Это рефлекс, скорее всего, не самого Филатова, а поколения шестидесятников – униженных, оскорбленных и развращенных.

Поколения, которое сегодня не понимает, на каком оно свете живет.

Когда Хлестаков укатил и обман раскрылся, Городничий сначала позлословил в адрес мнимого ревизора, а потом оборотился на себя: как мог он, со своим опытом принять за важного человека фитюльку, тряпку.

Вот этой самокритичности Сквозника-Дмухановского нам, шестидесятникам, недостает сегодня.

Как недоставало вчера элементарного человеческого достоинства.

То был дурной сон, который, увы, в любую минуту, хоть сейчас, может стать явью. И нет-нет да становится.

Еще не появились «Сукины дети», когда на ЦТ произошел известный антидемократический переворот – закрыли «Взгляд», разогнали ТСН. «Сукины дети» уже перестроечной поры попытались поднять народ на бойкот кравченковского ТВ. То, что получилось, можно оценивать по-разному.

Одни эту акцию считают удачей, другие – провалом. Но в ней занимательнее всего не результат, а процесс.

Интересно, кто как отговаривался от бойкота. Кто чем мотивировал свое личное неучастие в нем.

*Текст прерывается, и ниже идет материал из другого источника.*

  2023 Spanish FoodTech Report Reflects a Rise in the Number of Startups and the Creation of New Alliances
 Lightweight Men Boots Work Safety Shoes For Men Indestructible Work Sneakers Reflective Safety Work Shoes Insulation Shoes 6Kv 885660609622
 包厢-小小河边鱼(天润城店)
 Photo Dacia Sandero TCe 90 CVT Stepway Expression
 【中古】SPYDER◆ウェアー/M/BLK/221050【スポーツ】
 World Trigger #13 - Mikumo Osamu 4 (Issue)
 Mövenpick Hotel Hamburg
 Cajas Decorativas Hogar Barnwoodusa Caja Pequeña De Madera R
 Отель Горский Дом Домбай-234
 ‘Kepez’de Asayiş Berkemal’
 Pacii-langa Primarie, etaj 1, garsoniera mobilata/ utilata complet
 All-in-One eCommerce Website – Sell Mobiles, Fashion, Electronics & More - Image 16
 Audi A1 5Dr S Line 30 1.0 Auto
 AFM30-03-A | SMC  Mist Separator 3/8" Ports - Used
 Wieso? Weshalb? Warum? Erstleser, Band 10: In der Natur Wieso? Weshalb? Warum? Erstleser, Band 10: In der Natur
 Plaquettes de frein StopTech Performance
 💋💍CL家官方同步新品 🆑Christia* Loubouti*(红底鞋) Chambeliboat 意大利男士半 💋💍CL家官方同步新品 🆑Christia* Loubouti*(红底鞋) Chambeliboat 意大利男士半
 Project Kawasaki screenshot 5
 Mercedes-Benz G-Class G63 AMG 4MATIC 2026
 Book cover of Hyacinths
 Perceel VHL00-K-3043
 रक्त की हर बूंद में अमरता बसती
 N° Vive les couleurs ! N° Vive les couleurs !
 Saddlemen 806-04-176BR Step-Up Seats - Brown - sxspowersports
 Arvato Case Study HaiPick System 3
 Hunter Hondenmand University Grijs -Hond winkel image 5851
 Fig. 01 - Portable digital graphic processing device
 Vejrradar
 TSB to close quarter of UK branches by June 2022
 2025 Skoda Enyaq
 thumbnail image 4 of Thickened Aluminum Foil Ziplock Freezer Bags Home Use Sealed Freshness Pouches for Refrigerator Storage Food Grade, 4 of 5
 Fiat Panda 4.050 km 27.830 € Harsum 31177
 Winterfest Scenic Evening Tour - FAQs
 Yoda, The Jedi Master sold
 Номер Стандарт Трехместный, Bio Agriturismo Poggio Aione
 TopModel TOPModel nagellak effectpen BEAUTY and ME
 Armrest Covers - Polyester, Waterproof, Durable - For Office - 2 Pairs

Кто-то справедливо напомнил, что когда его в свое время лишили голоса, общественность ухом не повела. Кто-то опять же не без основания обратил внимание, что бойкот – недостаточно продуманное в организационном плане мероприятие. Наконец, самый убедительный довод состоял в том, что, бойкотируя Кравченко, мы бойкотируем обожаемый нами народ, оставляем свято место пустым, а оно без нас, любимых будет загромождено черт знает чем и в результате пострадает высокая культура.

41

И как мало оказалось тех, кто почувствовал себя лично задетым политико-административным энтузиазмом Кравченко, лично оскорбленным, лично униженным.

Случай этот обнажил, что индивидуальная мораль, личное достоинство – как раз самое уязвимое место шестидесятника. Почти у каждого, как у Кочкарева, носовой платок наготове, чтобы утереться.

Но уже случай «19–21 августа» показал, что все не так безнадежно, что фильм Л. Филатова имеет будущее, святое правило соцреализма – выдавать желаемое за действительное – иногда «выстреливает», как холостое ружье. И бьет в точку. Сукины дети вышли на баррикады.

И все равно Кабирия, а так же Чарли, чей портрет выставлен иконой в фильме Л. Филатова, – недосягаемые образцы для героев постсоц-реалистического кино.

Молиться на индивидуалиста – одно, а стать им – другое.

О цене, которую приходится платить человеку за эту благодать, об опасностях и ловушках, которые его подстерегают на этом пути, – американский фильм.

«Группа «Дорз», или «Двери»

И эта картина основана на реальных и достаточно известных обстоятельствах биографии – на этот раз обстоятельствах американского поэта и певца Джима Моррисона.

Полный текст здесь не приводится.